TASK DESCRIPTION → Look for the line containing "DucatiFrance's tweet photo." and the line containing "#DucatiStore #ForzaDucati #GroupeBPM" in the entries below. Copy those two and all lines between them exactly, leaving out pictures.

GIVEN INFORMATION →
- Opening Delimiter -
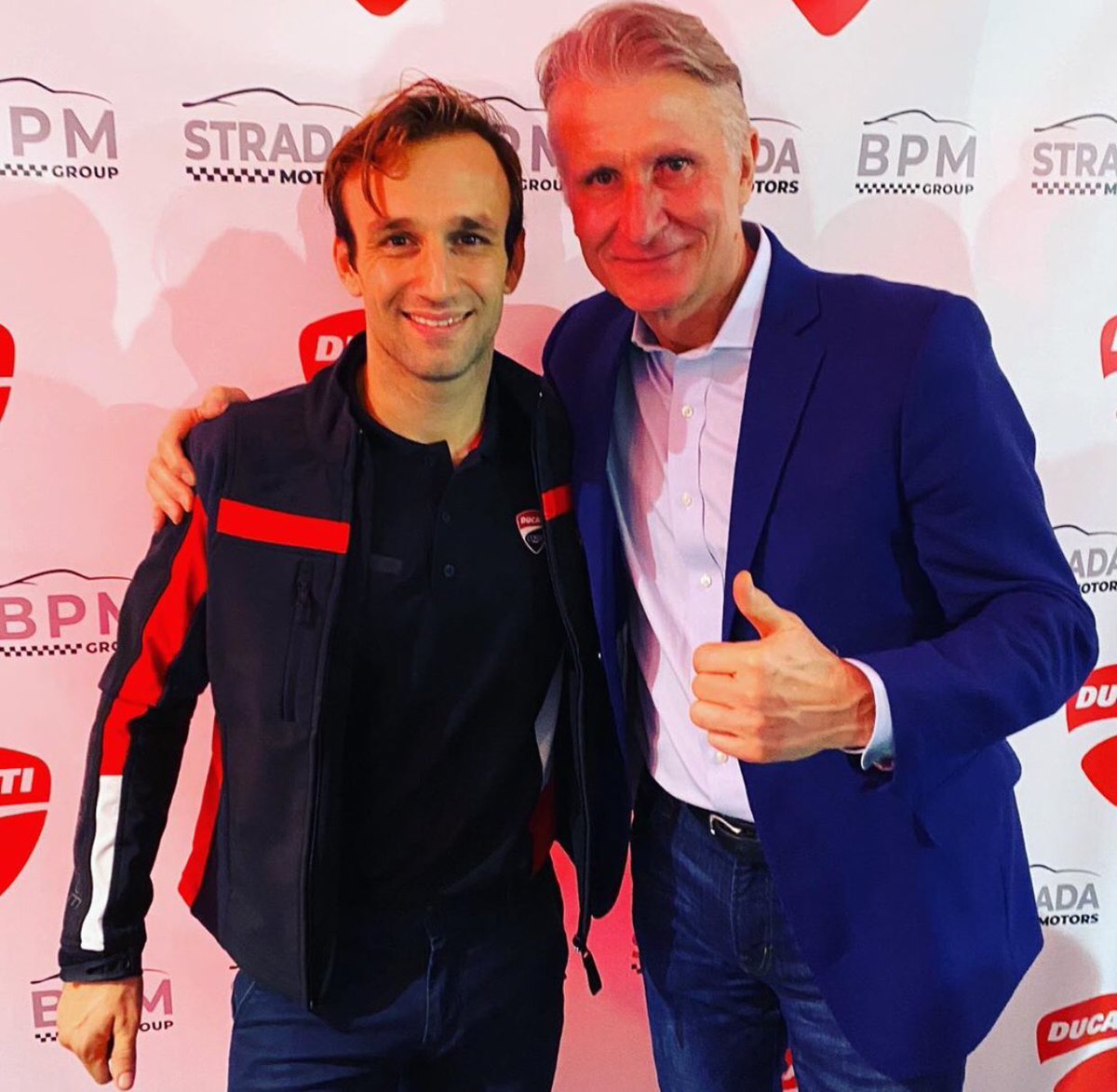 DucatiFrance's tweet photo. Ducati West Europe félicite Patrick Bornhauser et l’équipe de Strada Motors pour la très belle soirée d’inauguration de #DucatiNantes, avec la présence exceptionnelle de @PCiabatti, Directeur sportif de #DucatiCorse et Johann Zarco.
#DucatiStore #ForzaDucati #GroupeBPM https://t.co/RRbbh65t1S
- Closing Delimiter -
- Opening Delimiter -
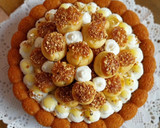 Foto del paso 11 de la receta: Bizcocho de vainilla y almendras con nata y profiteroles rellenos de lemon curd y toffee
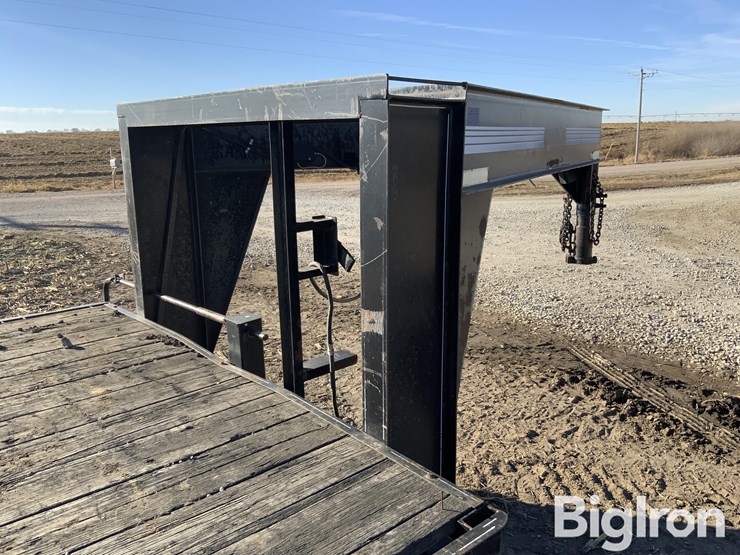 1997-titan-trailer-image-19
- Closing Delimiter -
- Opening Delimiter -
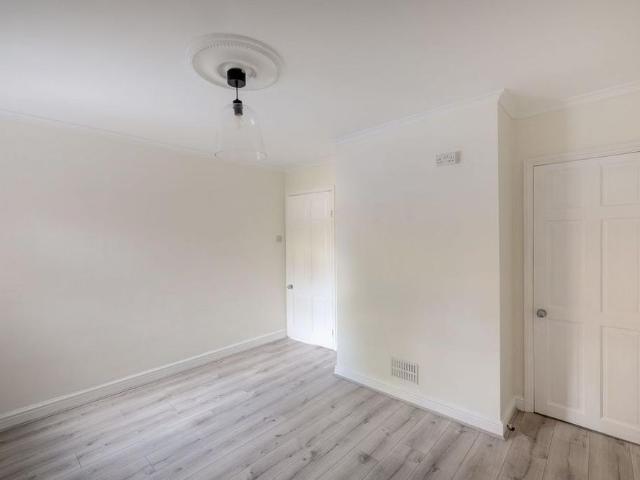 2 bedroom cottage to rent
- Closing Delimiter -
YOUR RESPONSE →
 DucatiFrance's tweet photo. Ducati West Europe félicite Patrick Bornhauser et l’équipe de Strada Motors pour la très belle soirée d’inauguration de #DucatiNantes, avec la présence exceptionnelle de @PCiabatti, Directeur sportif de #DucatiCorse et Johann Zarco.
#DucatiStore #ForzaDucati #GroupeBPM https://t.co/RRbbh65t1S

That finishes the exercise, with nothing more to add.